All good suggestions. I've personally had poor long term results with it, but you can definitely get sphagnum moss mail order. However, the Buss Bedding vendor used to sell both a sphagnum moss product and the shredded newspaper product and both worked well short term for me (a month or so). You do need to feed them if you're in it for the long haul. My favorite bedding is about 1/2 way composted leaves. You make a leaf pile in the fall, the next spring, you use that material and maybe add a bit of garden soil or finished compost if the leaves are too wet. For keeping worms a month or two, I like a 2/3 way full five gallon bucket or 2 with lids and vent holes in basement. Tilt buckets every few days to check on things and add fresh air, if too moist, add some shredded newspaper, paper towels, dryer soil. They will eat leaves up over time. I like 2 buckets so all my eggs aren't in one basket. 

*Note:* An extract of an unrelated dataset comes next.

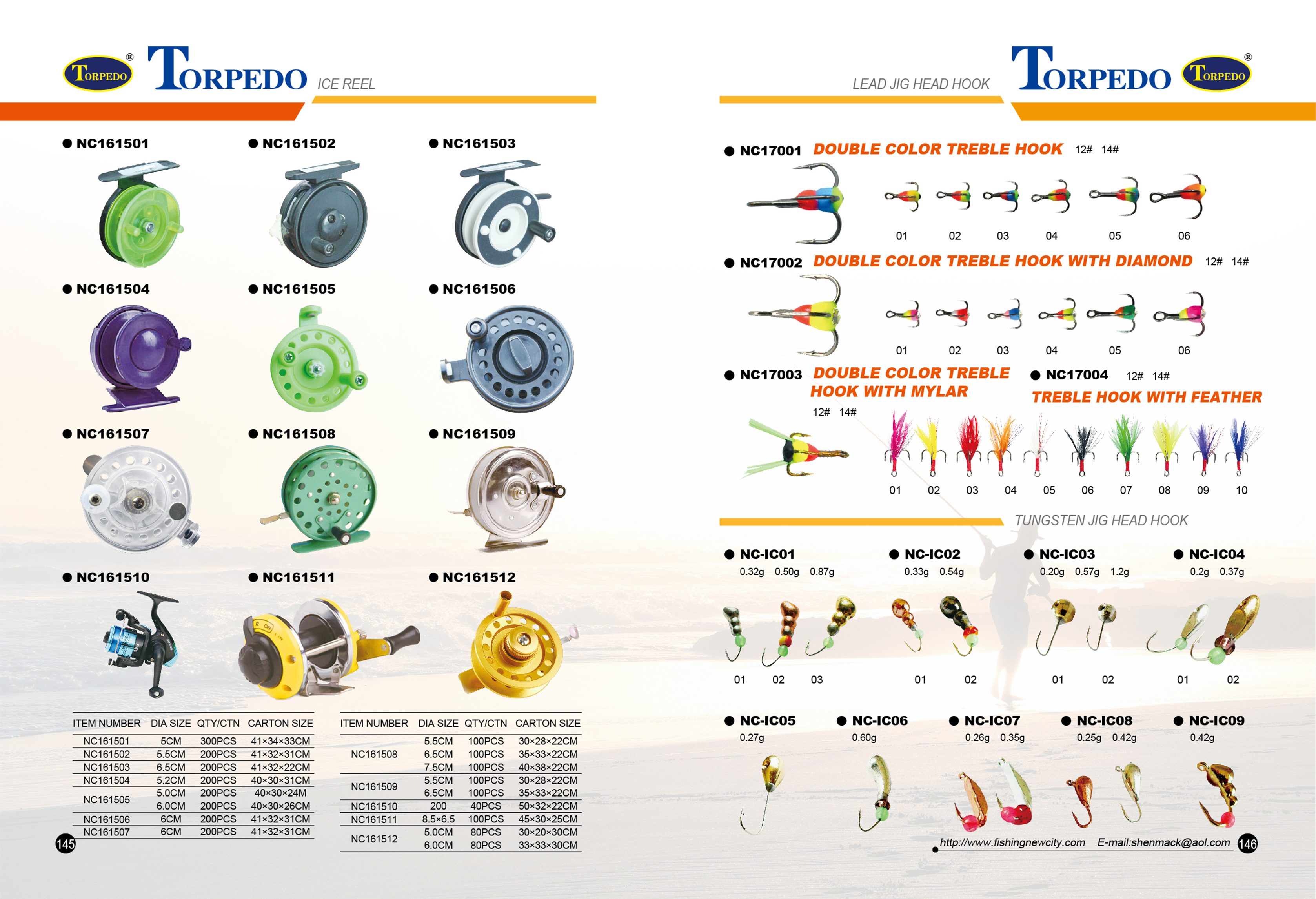 DALIAN  SHASHAMAI FISH TOOLS CO., LTD – Product photos 3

If you do the wooden box in ground, it must be in shade and it must be 100% tight. They are escape artists. When I was a kid, one neighbor used two washtubs above ground with covers and another guy used a clawfoot bathtub that was about 1/2 full of compost and sunk about 1/2 way into the ground. I lived at a place with seriously clay soil. Dug a small 12 inch deep trench in shaded spot, filled with better soil and maybe 4 dozen "leftover" nightcrawlers - they stayed put for an extended period....I dug a dozen or so several times...


----------



## ohiotuber

jkiefer1362 said:


> Damp newspaper works best for me. Breaks down nicely
> 
> Sent from my SM-S908U using Ohio Game Fishing mobile app


I shred it, dampen & add a few ice cubes daily.

Mike


----------